3.4.2 Nu LBF aan haar beroep tegen de beschikking van de rechter-commissaris mede ten grondslag heeft gelegd dat daarin een van de wet afwijkende procedure voor de stemming over het akkoord is bepaald, dat die procedure onzorgvuldigheden bevat (bijvoorbeeld dat gestemd wordt op basis van een onvolledige informatieverstrekking) en dat die onzorgvuldigheden niet adequaat kunnen worden geheeld in de homologatieprocedure, kan niet worden aanvaard dat LBF deze bezwaren uitsluitend tijdens de homologatieprocedure, en niet ook op de voet van art. 67 Fw, naar voren kan brengen.
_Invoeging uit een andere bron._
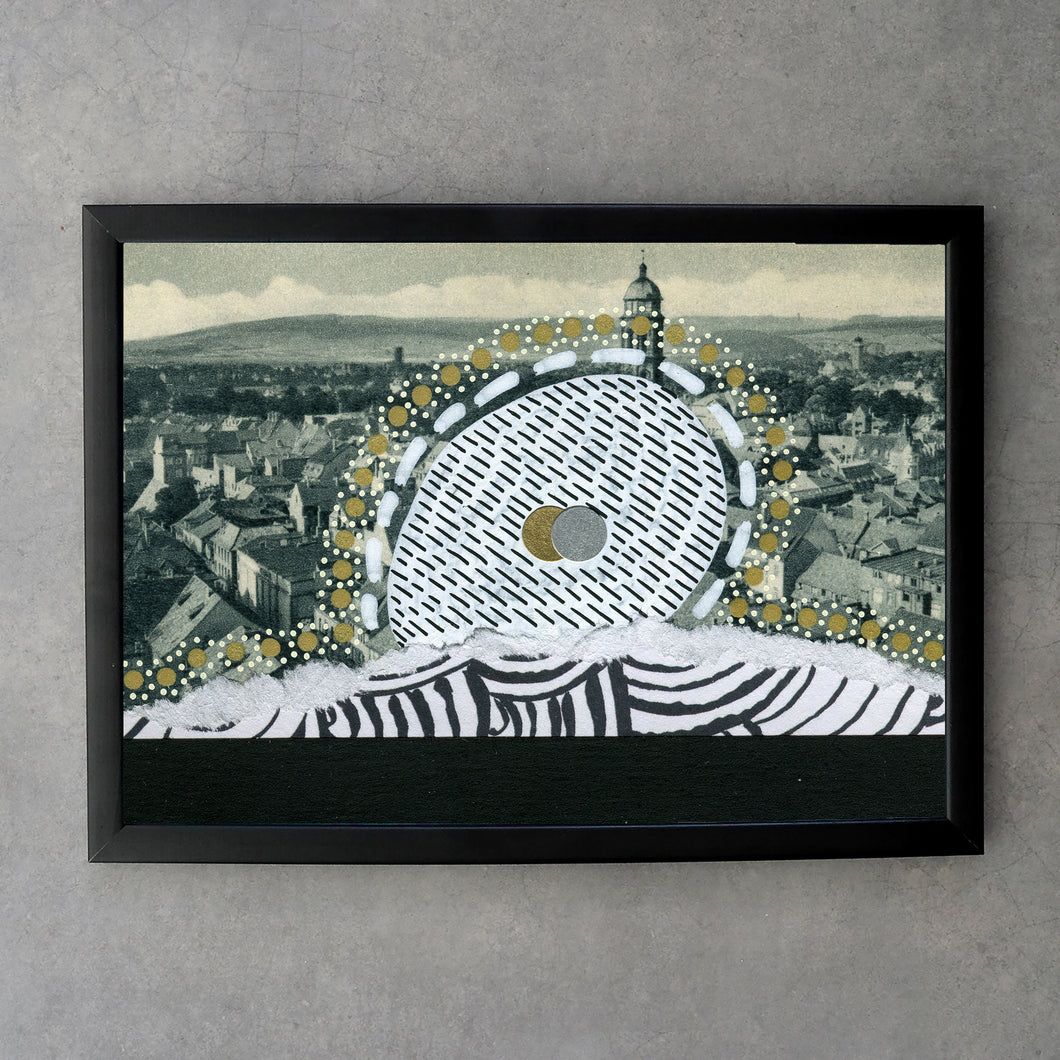 Black, White And Golden Vintage City View Collage Fine Art Print - Naomi Vona Art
Voor haar stond derhalve de weg van art. 67 Fw open, zodat zij belang heeft bij haar cassatieberoep.
3.5 Onderdeel 5 bestrijdt de hiervoor in 3.3 weergegeven oordelen van de rechtbank als onjuist, althans onbegrijpelijk of onvoldoende gemotiveerd.
3.6.1 Bij de beoordeling van het onderdeel wordt vooropgesteld dat in het belang van een goede rechtspleging, juist ook in zaken waarin een korte termijn voor beroep geldt, duidelijkheid dient te bestaan omtrent het tijdstip waarop die termijn aanvangt (en eindigt), en dat derhalve aan beroepstermijnen strikt de hand moet worden gehouden (HR 13 juli 2001, LJN ZC3673, NJ 2001/513). De ingevolge art. 67 Fw geldende beroepstermijn van vijf dagen begint te lopen op de dag na die waarop de rechter-commissaris zijn beschikking heeft gegeven (vgl. HR 10 januari 1992, LJN ZC0473, NJ 1992/195). In verband met het feit dat deze beroepstermijn zeer kort is - zulks met het oog op het belang van een vlotte afwikkeling van het faillissement - is het wenselijk dat de beschikking onverwijld ter kennis wordt gebracht van de (bekende) belanghebbenden (vgl. de hiervoor al aangehaalde beschikking van de Hoge Raad van 10 januari 1992, alsmede HR 11 september 1998, LJN ZC2697, NJ 1998/829).
3.6.2 Indien de gefailleerde een zeer groot aantal schuldeisers heeft, kan een redelijke, met het belang van een vlotte afwikkeling van het faillissement rekening houdende, en aan de belangen van de individuele schuldeisers voldoende tegemoetkomende, afwikkeling van het faillissement meebrengen dat de communicatie met de schuldeisers door de curator of de rechter-commissaris plaatsvindt op een aan de omvang van het faillissement aangepaste wijze. Als zodanig kan gelden het plaatsen van een voor de gezamenlijke schuldeisers, of een aantal van hen, bestemde mededeling van de curator, of van een beschikking van de rechter-commissaris, op een website die daartoe met toestemming van de rechter-commissaris door of in opdracht van de curator wordt gebruikt, mits de schuldeisers voldoende duidelijk is gewezen op het bestaan van deze website, en op het belang van een regelmatige raadpleging daarvan. Indien in een zodanig geval een beschikking van de rechter-commissaris of een mededeling van de curator waaruit ondubbelzinnig van een zodanige beschikking blijkt, op de website wordt geplaatst, mag, behoudens bijzondere omstandigheden, van de schuldeisers worden verwacht dat zij van deze beschikking kennis nemen en, indien zij daartegen beroep wensen in te stellen, dat doen binnen de in art. 67 Fw bepaalde termijn, ook indien de beschikking hun niet individueel ter kennis is gebracht.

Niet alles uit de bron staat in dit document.